(Instructions to follow) All lines from the one containing "Toasteur sur remorque" to the end of the listing below should be output exactly; omit the pictures.

(Data section)
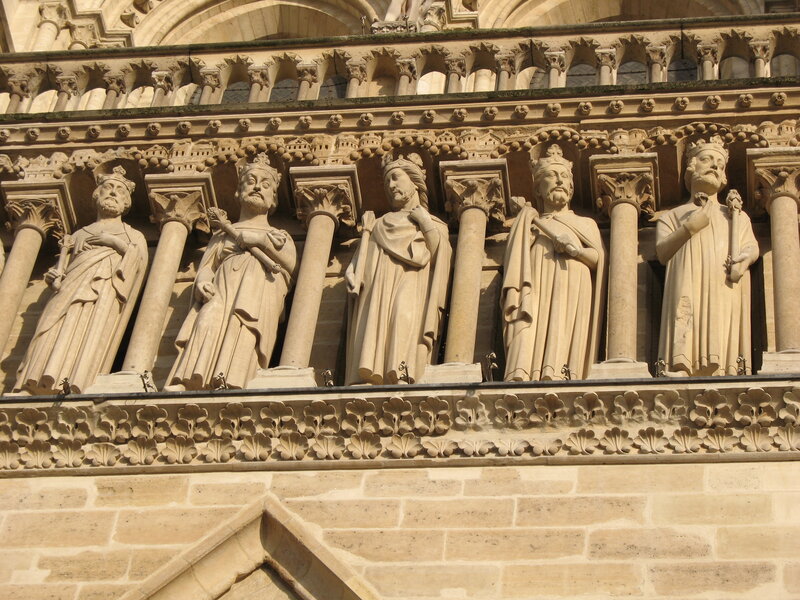 Stone King Statues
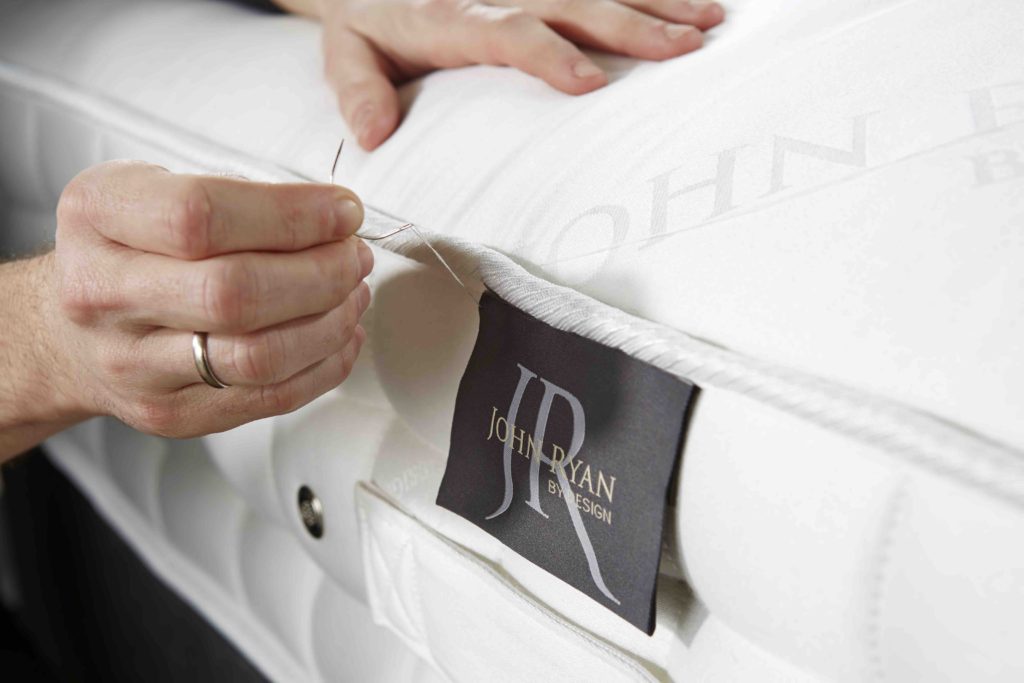 luxury mattress details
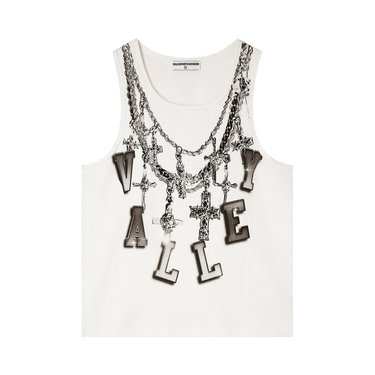 Vale Forever Chain Tank 'White'
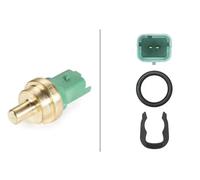 Sensore, temperatura del liquido di raffreddamento HELLA 6PT 009 309-391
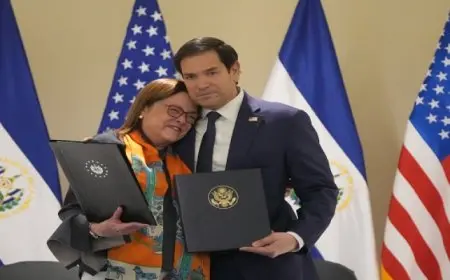 وزير الخارجية الأمريكى: السلفادور عرضت استقبال سجناء أمريكيين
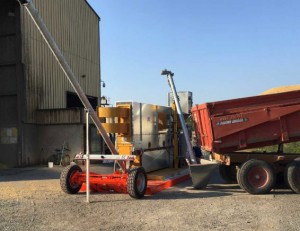 Toasteur sur remorque pour graines et protéagineux - Traitement thermique et torréfaction de protéagineux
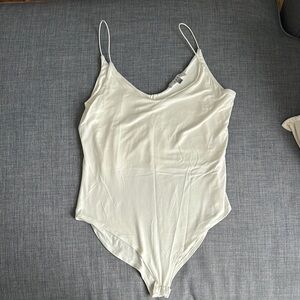 Gaze Cream Women's Bodysuit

(Task solution)
 Toasteur sur remorque pour graines et protéagineux - Traitement thermique et torréfaction de protéagineux
 Gaze Cream Women's Bodysuit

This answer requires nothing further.